IMPORTANT VOICES too. Election campaign banners depict Ahmad Tibi and Ayman Odeh, leaders of the Hadash-Ta’al joint list that ran in the April elections (photo credit: REUTERS)
IMPORTANT VOICES too. Election campaign banners depict Ahmad Tibi and Ayman Odeh, leaders of the Hadash-Ta’al joint list that ran in the April elections
(photo credit: REUTERS)
The Joint List will not enable Blue and White leader Benny Gantz to build a government without accepting the Arab sector’s demands, Joint List MKs Ahmad Tibi and Yousef Jabareen said at a news conference for English media on Tuesday.
Tibi said that just like parties issue demands for entering a governing coalition, there is a price for enabling a blocking majority in what he called “a preventative faction” from outside the government, which is a more realistic scenario.

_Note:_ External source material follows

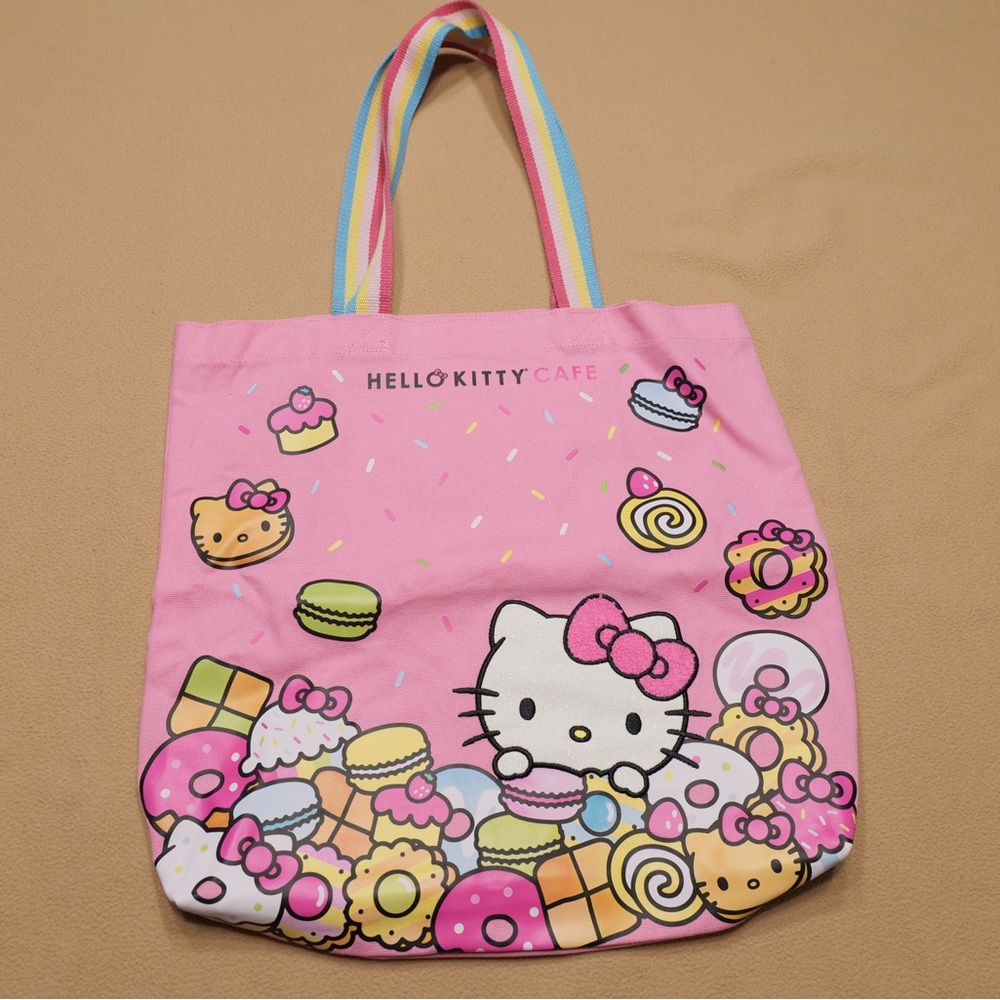Hello Kitty Café Oversized Tote Bag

“The main goal of the Joint List is to change the status of the Arab community and upgrade it,” Tibi said. “The best way to do that is to bring down Netanyahu and the Right. But there are terms and conditions for being a preventative faction.”
Tibi said his demands include a development plan for the Arab sector that would cost NIS 64 b. over 10 years, or NIS 32 b. over five years. He said he also wanted Arabs to be recognized as an official minority community, and to have a number of laws canceled including one that banned Palestinians from moving into Israel via family reunification.

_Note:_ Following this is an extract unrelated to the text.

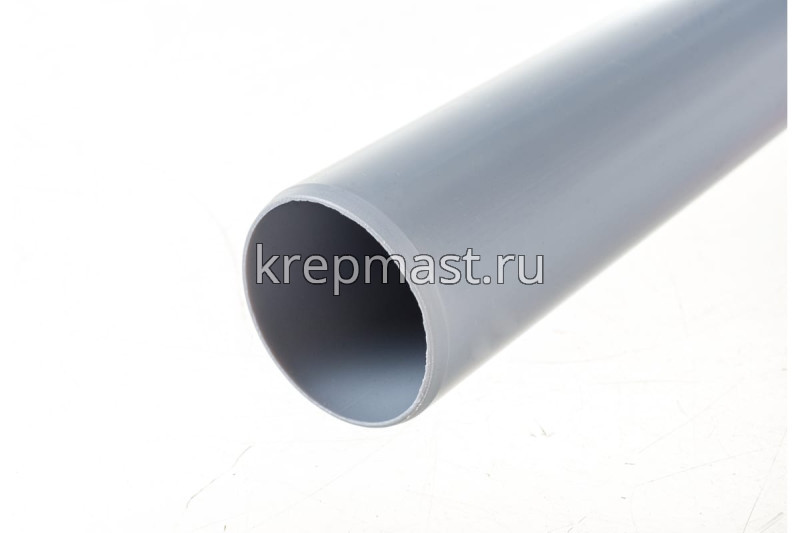 Труба с раструбом D 50*1,8 (0,5м) п/п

Such demands could become a game changer if current polls hold true, and neither Gantz nor Prime Minister Benjamin Netanyahu obtain the 61 MKs needed to build a coalition after the September 17 election. One solution could be Gantz building a minority government with the Joint List’s support from outside the coalition.

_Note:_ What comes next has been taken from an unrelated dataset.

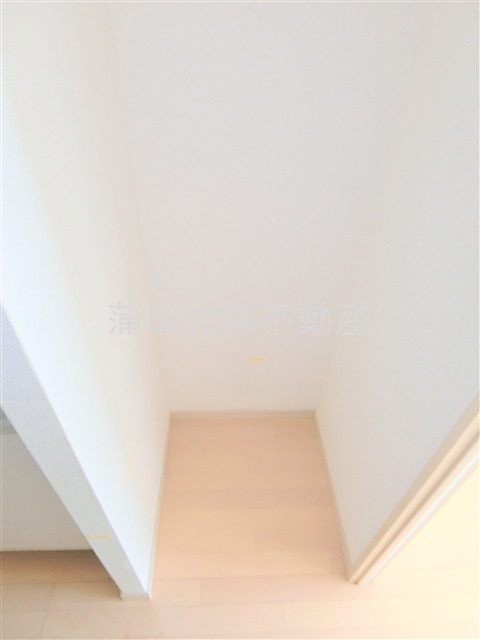 レグラス久が原のキッチン|冷蔵庫置き場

“We will wait for the election results, and if someone will call us, we will listen and talk,” Tibi said. “I doubt that he will call. I want to kick Netanyahu out, but Gantz is not the cup of tea of the Joint List. He has not said two-state solution. Even Netanyahu said it. He lied, but he said it.”
Reacting to Joint List leader Ayman Odeh saying that the Joint List could enter a coalition under key conditions, Tibi noted that the list is made up of four parties who agree on 90%, and that he was not in Odeh’s party.
“A national minority cannot join a national government, because it brings collective responsibility,” Tibi explained. “What if Gantz as prime minister decided to attack Gaza, and [Jabareen] as a minister votes against it, and it passes? There would also be budgets for settlements and demolition of houses.”
He said a better mechanism to achieve the Arab sector’s goals would be as a preventive faction, noting that two Arab parties reached a signed agreement with Yitzhak Rabin to fulfill that role when he was prime minister from 1992 to 1995.
Reacting to Gantz ruling out a unilateral withdrawal in the West Bank, Tibi said: “When you talk about being an alternative to Netanyahu, be an alternative. Netanyahu and Gantz are competing over who can be more right-wing and aggressive on Gaza and impress the settlers.”
Jabareen said that with enough motivation, the Joint List could win as many as 15 or 16 seats. He lamented that after the April election, Gantz never even called the Joint List to ask for its recommendation to President Reuven Rivlin, which he said was because of racism in Blue and White.
“It is a fallacy that joining a Zionist party will bring real change,” he said. “We are not busy tailoring our suits. We will be in the opposition.”
A source close to Gantz responded that the party would form a stable, rightwing government that will address the pressing needs of all citizens, including the Arab sector.
“We are not dealing with negotiations right now,” the source said.
The news conference was organized by Media Central at Jerusalem’s Ambassador Hotel.